The Battle Over What It Means to Be American
03.01.18
Amy Chua is an uncomfortable presence in American intellectual life. In both her important scholarly works and her candid personal writing, Chua approaches the no-go areas around which others usually tiptoe. The warning alarms burst into “WAH-OH, WAH-OH” — and Chua greets the custodians with a mild, “Oh sorry, was that a taboo?”
“Political Tribes,” the newest book from this unconventional writer, is haunted by the events of 2016. Chua’s message: Ethnocultural rivalry powerfully shapes both international relations and domestic policy. Ethnocultural rivalry will not be reasoned away. Its divisions are hard-wired into the human brain. The American reluctance to recognize this truth, Chua continues, derives from the country’s own unique inheritance, which optimistically insists that the nation’s internal divisions can and must be melted down into a shared ideology of Americanism. That inheritance, she argues, blinds Americans to the world around them — and even more ominously, deceives them about the most important trends within their own society.
“For 200 years,” Chua writes, “whites in America represented an undisputed politically, economically and culturally dominant majority. When a political tribe is so overwhelmingly dominant, it can persecute with impunity, but it can also be more generous. It can afford to be more universalist, more enlightened, more inclusive, like the WASP elites of the 1960s who opened up the Ivy League colleges to more Jews, blacks and other minorities — in part because it seemed like the right thing to do.

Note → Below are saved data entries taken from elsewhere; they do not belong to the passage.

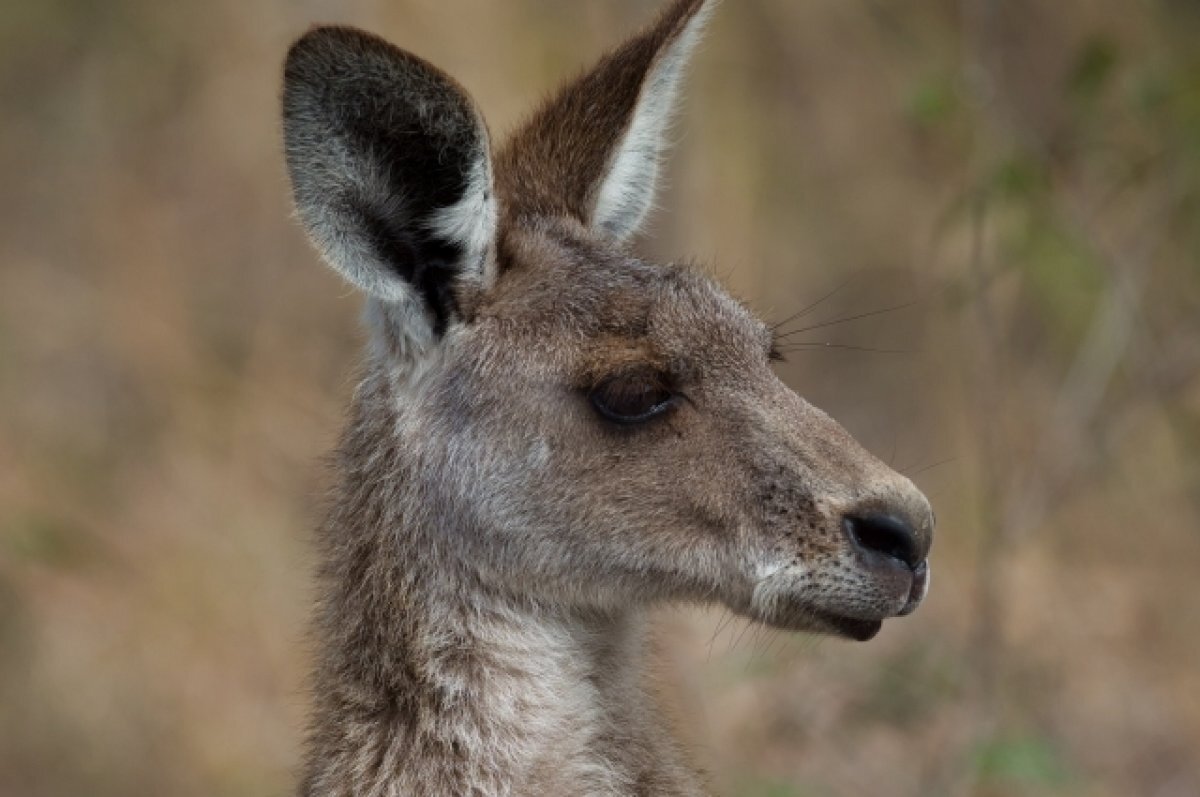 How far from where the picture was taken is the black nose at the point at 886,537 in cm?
388

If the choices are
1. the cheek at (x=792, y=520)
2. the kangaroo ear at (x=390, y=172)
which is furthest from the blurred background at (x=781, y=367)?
the cheek at (x=792, y=520)

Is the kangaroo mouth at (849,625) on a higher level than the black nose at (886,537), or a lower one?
lower

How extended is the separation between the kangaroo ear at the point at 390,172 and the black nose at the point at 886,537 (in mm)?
1057

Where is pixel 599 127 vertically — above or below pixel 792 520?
above

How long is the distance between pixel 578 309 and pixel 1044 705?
398 centimetres

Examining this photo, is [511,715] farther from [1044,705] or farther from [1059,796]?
[1044,705]

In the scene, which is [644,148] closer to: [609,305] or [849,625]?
[609,305]

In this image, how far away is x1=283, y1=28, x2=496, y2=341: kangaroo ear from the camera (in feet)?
12.8

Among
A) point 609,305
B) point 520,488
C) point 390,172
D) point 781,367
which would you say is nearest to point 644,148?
point 609,305

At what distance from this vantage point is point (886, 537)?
3.90 metres

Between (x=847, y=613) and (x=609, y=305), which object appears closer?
(x=847, y=613)

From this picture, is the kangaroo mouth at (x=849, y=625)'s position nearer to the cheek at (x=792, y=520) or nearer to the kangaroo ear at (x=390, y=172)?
the cheek at (x=792, y=520)

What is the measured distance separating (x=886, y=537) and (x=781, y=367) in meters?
5.79

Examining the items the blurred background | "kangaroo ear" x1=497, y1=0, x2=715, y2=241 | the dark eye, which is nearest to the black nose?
the dark eye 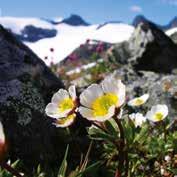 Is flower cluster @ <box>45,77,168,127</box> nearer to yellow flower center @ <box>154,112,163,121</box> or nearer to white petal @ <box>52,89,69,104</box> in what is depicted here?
white petal @ <box>52,89,69,104</box>

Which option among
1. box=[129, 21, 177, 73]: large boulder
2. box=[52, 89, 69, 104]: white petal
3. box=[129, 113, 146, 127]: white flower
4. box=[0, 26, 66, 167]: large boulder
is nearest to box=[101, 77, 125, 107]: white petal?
box=[52, 89, 69, 104]: white petal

“Today, no group in America feels comfortably dominant. Every group feels attacked, pitted against other groups not just for jobs and spoils but for the right to define the nation’s identity. In these conditions, democracy devolves into zero-sum group competition — pure political tribalism.”
Chua professes no concern that America will be swept by outright white nationalism. But she does perceive that “a kind of ‘ethnonationalism lite’ is widespread among white Americans today. It does not dream of an all-white America; it opposes racism and celebrates tolerance and exults in the image of America as a ‘nation of immigrants.’ But it is nostalgic for a time when minorities were not so loud, so demanding, so numerous — a time when minorities were more grateful.”
Chua sees this, does not like it and hopes something can be done about it. She takes comfort from local efforts like a project in Utica, N.Y., where Bosnian Muslim immigrants and local Unitarian Christians watched a Super Bowl together. She applauds aggressive racial integration programs like those run by the American military. She cites her own teaching experience in small seminars at Yale, where students from divergent backgrounds overcame disagreements to achieve mutual respect, sometimes even friendship.
Yet the scholar in Chua acknowledges that these individual experiences offer less of a social lesson than she would wish.
“Studies show that minimal or superficial exposure to out-group members can actually worsen group division. … Negative interactions with people from other groups also increase group hostility. So merely putting members of different groups in the same space is not enough and indeed can aggravate political tribalism.”
In the end, Chua falls back on the very attitude to which she turned her sharply skeptical gaze at the beginning of the book: the conviction that the United States was, is and will remain an exceptional nation, different from all the others. In her introduction, Chua remarked that the United States as a supertribal entity indifferent to ethnicity and culture became at best a partial reality only a generation ago. By book’s end, however, the battered ideal has been polished and refurbished.
“With every wave of immigration in the past, American freedom and openness have triumphed. Will we, telling ourselves ‘These immigrants are different,’ be the weak link, the first generation to fail? Will we forget who we are?” That’s inspiring, and even more so are the citations of Martin Luther King Jr., Lin-Manuel Miranda and Langston Hughes that finish the book.
Inspiring — but not wholly reassuring. A lot of the interest of “Political Tribes” comes from the strong sense it emanates of an author arguing with herself. Chua both condemns tribalism and respects its power. She insists that the United States alone of nations among the earth has often transcended it — and then presents impressive contrary evidence from the past and the present. Chua reckons with the many tribalisms of the American past: ethnic, religious and racial. She hopes for a future in which tribalism fades — even as she mercilessly details its accumulating strength.
As Chua notes, tribes can coalesce out of previously unrelated pieces. Immigrants to Europe from North Africa, the Middle East and South Asia — of different languages, ethnicities, folkways and religious practices — raised children who created for themselves a new identity as post-ethnic Muslims. ISIS, as Chua mordantly observes, is in its own way a melting pot, bringing together young men and women from across Europe, Asia and the Americas to fight for a new ideology. She quotes a New York Times article about young British girls lured to ISIS. For them, “Islam is punk rock.”
Tribes can be created by fission as well as by fusion. Chua suggests that in the United States, divisions that would once have been understood as class divides have been reinterpreted in our time as cultural, even when they are not ethnic. “White Americans often hold their biggest disdain for other white Americans — the ones on the opposite side of the cultural divide.”
These fast-evolving and ever-changing identities may look contingent from the outside. They feel overwhelmingly powerful to those inside. Chua repeatedly scolds American policymakers for underestimating the importance of ethnocultural identity in Vietnam in the 1960s, Venezuela in the 1990s and Afghanistan in the 2000s. Through her book pulses an evident worry that tribal claims are now overpowering national ones within the United States. If she cannot quite bring herself to make her own anxieties explicit — or figure out what if anything to do to address them — she is hardly alone. As the rise of Donald Trump over more conventional politicians has so emphatically proved: Worsening social divisions are much easier to exploit than to explain or redress.